We imagined an experience where the user needs at least 5 projects to unlock the idea generator. That would encourage users to engage with the app to unlock the feature.
In this experience, the user gets one idea (or a few) at a time and can shuffle, like, or control how random it is. It was already a step forward in injecting more AI power into the product, but why not push it even further?
What if the AI could take that idea and literally write that script for your next TikTok video or tech review you want to record? Meet Geniio, your script-writer assistant :)
The flow:
* Tap on an idea a generate a script from it
* Go through the settings first to adjust that idea and narrow down the result: Title, description, tone of voice, keywords, and length
* Get a script with a layout that's made for a video (includes a hook, intro, and paragraph for each outline item and a conclusion)

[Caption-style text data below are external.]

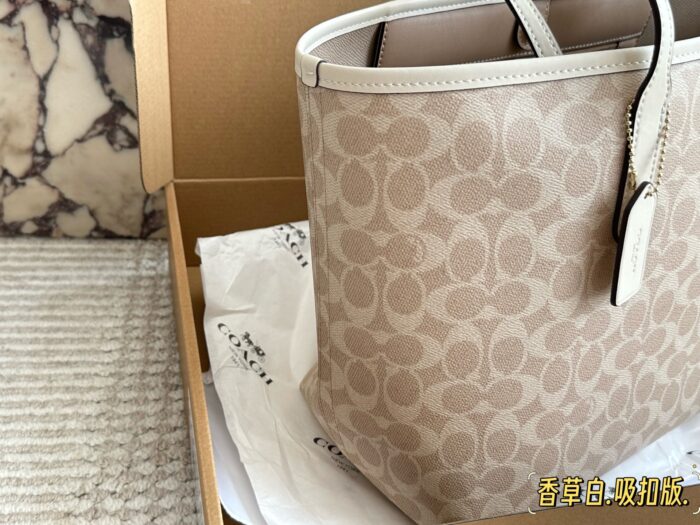 Coach Classic Logo Reversible Snap-Closure City Tote Bag - Image 3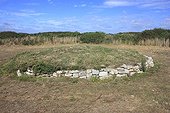 Mound Tuchenn Pol or Devil Mound Britain France  ; Iron Age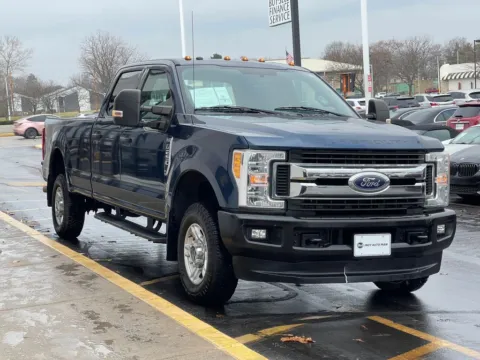 Photos of 2017 Ford F-250SD XLT for sale in Indianapolis, IN at Indy Auto Man - Indianapolis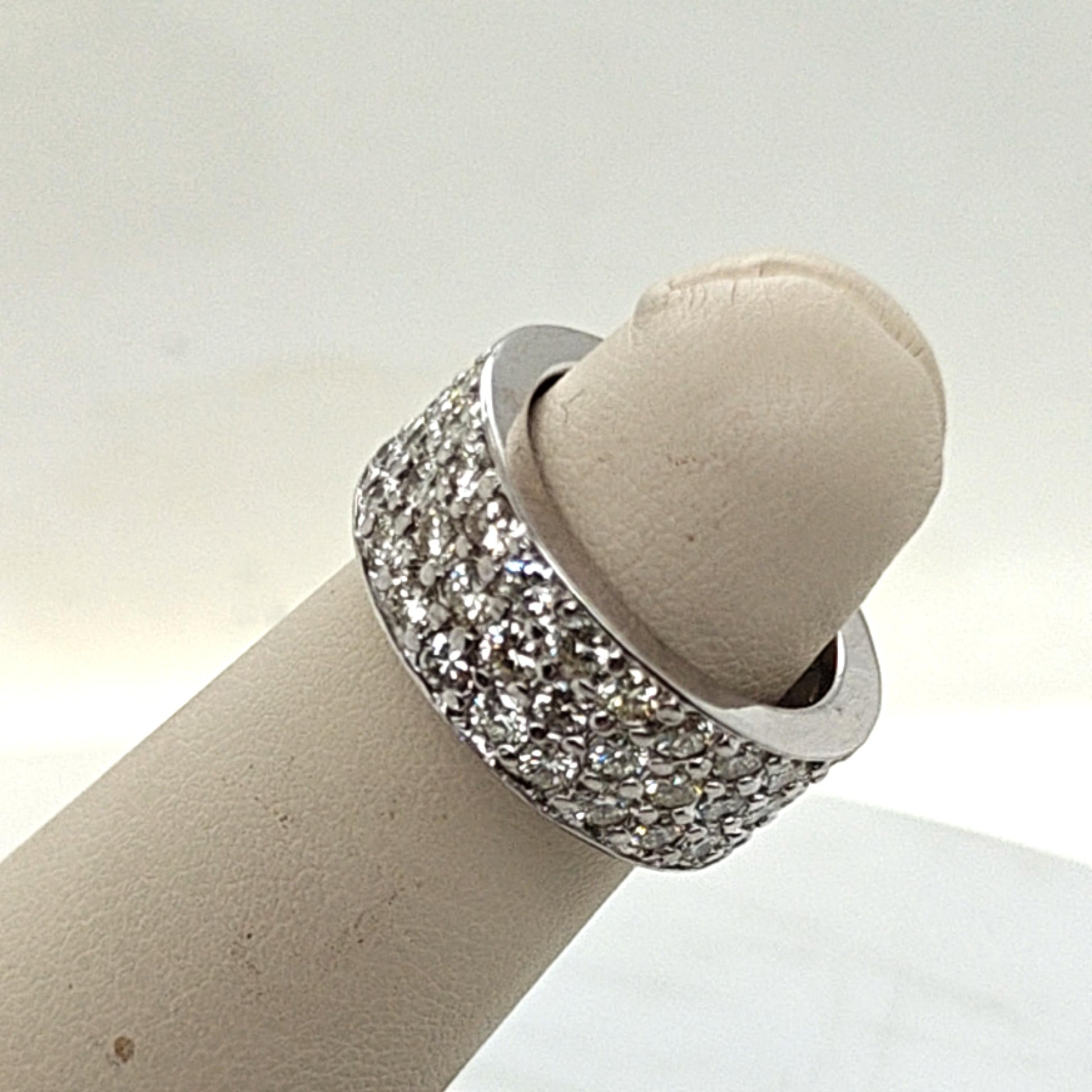 ETERNITY BAND 3 ROWS OF PAVE DIAMONDS WHITE GOLD 3.65CT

* On the script, see the word count, save it for later, and go back to settings to adjust the input
Optimization
We tested the feature and got some feedback from users that some aspects of the AI were not clear. We also put priority on the scriptwriter AI and moved the ideas generator to the next phase.
* Templates for customization
People record videos for different purposes and the format is very different from making an ad for their local hair saloon or an influencer talking about tech so we introduced a template section in the editor
* Talk to a human
We made it clearer that they could describe exactly what they wanted like they would describe it to a real human, so we added explicit hint text and real examples.
We wanted to teach the users that filling in the inputs enables them to 'Generate' the script output. Once on the output screen (the script), the user can easily 'Edit' and go back to editor mode. The input from users and the output from the AI are like a conversation.
* Walk-through
We set a first-time-use event (scroll after 5 seconds) to trigger a bottom drawer that encourages users to go back and forth to the editor and adjust until they get to the best result.
*Navigation
In the higher level of navigation, we placed the 'Version history' to enable users to access previous versions. From the script mode, the user can 'Record', 'Shuffle', or 'Delete'.
* Teleprompter
From that script, the user should be able to record it and go to teleprompter mode.
* Dynamic island
While in another app, the user should be able to see his script and record a video.
Iterations
That feature is the result of a continuous conversation with the client to follow his vision and optimised from user feedback. From ideas-only, ideas-to-script, to editor-script mode, it took a few tries to get the flow and the layout right while keeping the design smooth and the vibe right.